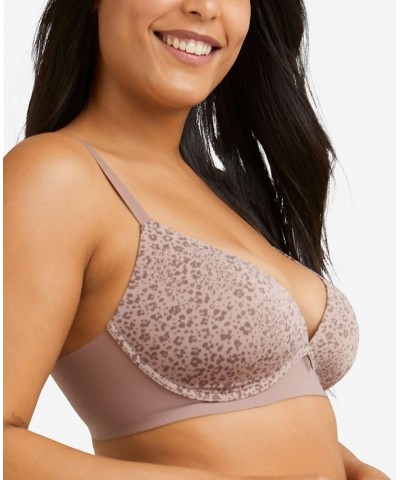 Women's One Fab Fit Wireless Demi Bra DM2301 Iced Mocha Leopard Print $13.33 Bras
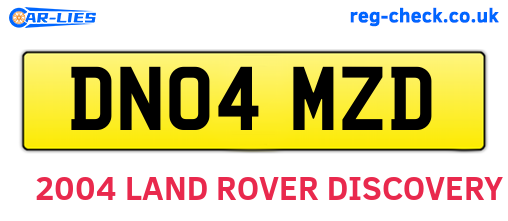 DN04MZD are the vehicle registration plates.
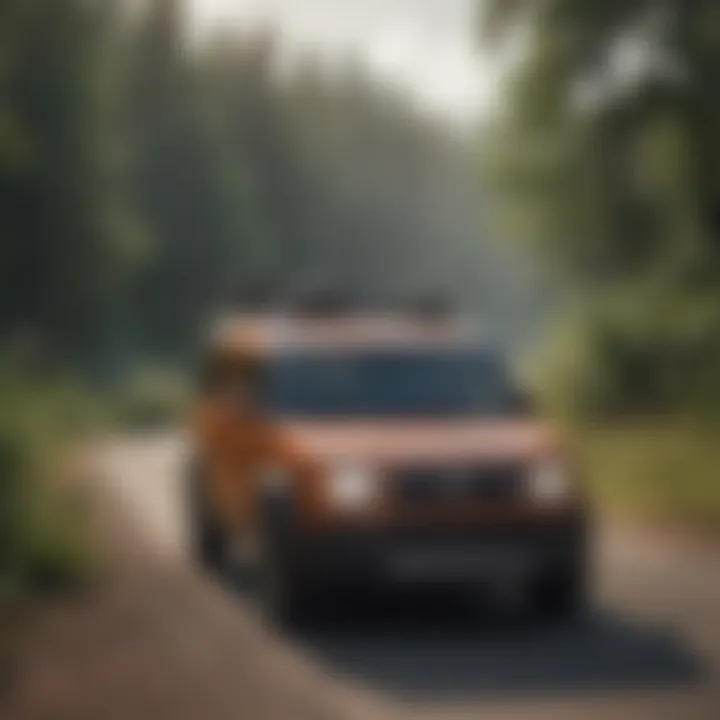 Group of friends enjoying a road trip in a Honda Element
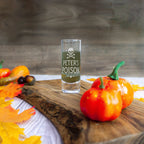 Personalised poison shot glass design for a halloween party home decor. Drinks glass engraved with spooky design for halloween supplies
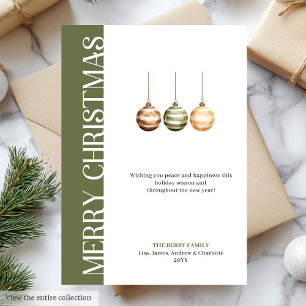 Carte de vœux de Noël avec des boules élégantes et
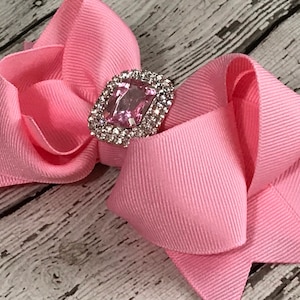 Pink Hair Bow: 5.5&quot; Boutique Bow with Bling Center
□ □ □ □ □
Task prompt
In the records above, find the line with "DN04MZD are the vehicle registration plates." and the line with "Personalised poison shot"; please transcribe exactly those two lines and all lines between them, omitting any picture.

Solution to this task
 DN04MZD are the vehicle registration plates.
 Group of friends enjoying a road trip in a Honda Element
 Personalised poison shot glass design for a halloween party home decor. Drinks glass engraved with spooky design for halloween supplies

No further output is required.